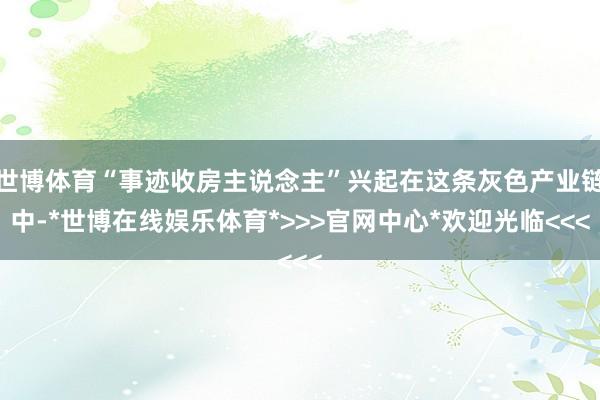 世博体育“事迹收房主说念主”兴起在这条灰色产业链中-*世博在线娱乐体育*>>>官网中心*欢迎光临<<<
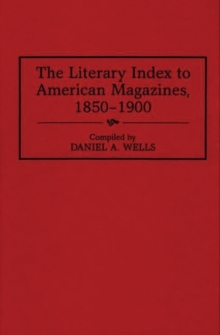Literary Index to American Magazines, 1850-1900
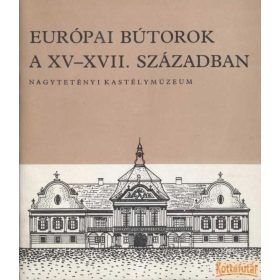 Európai bútorok a XV-XVII. században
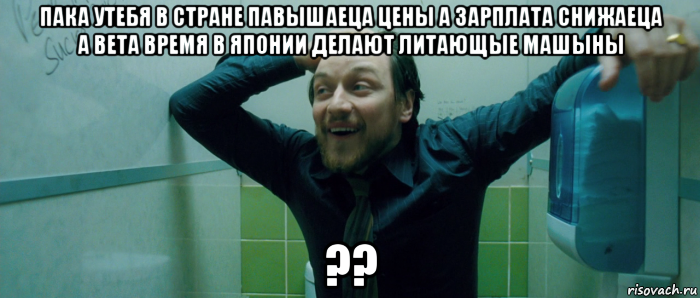 пака утебя в стране павышаеца цены а зарплата снижаеца а вета время в японии делают литающые машыны ??, Мем  Что происходит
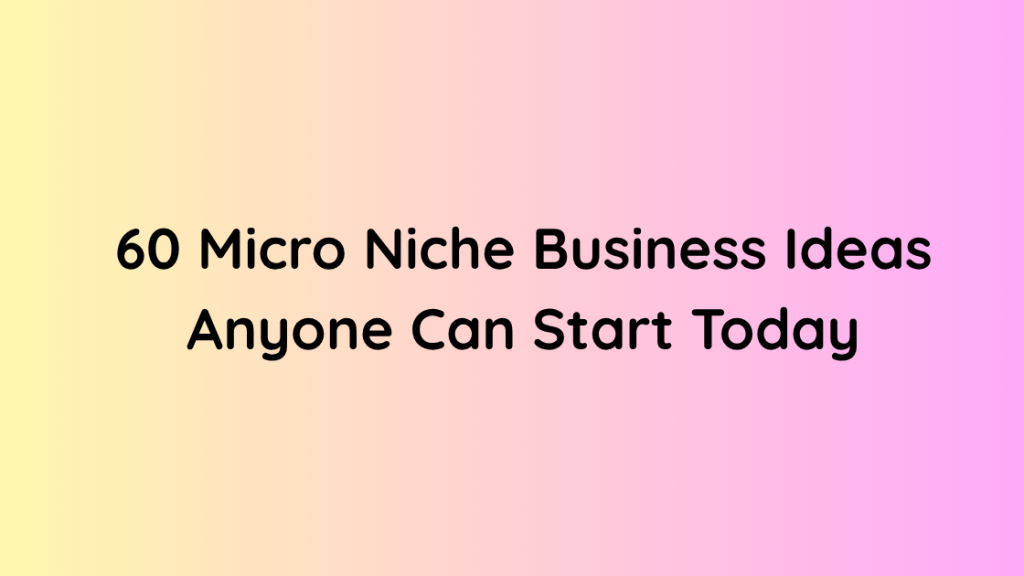 60 Micro Niche Business Ideas Anyone Can Start Today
┄┄┄┄┄┄
Assignment
Extract exactly the lines above from the line containing "Európai bútorok a XV-XVII. században" through the last one, both ends included, but not the pictures.

Answer to this exercise
 Európai bútorok a XV-XVII. században
 пака утебя в стране павышаеца цены а зарплата снижаеца а вета время в японии делают литающые машыны ??, Мем  Что происходит
 60 Micro Niche Business Ideas Anyone Can Start Today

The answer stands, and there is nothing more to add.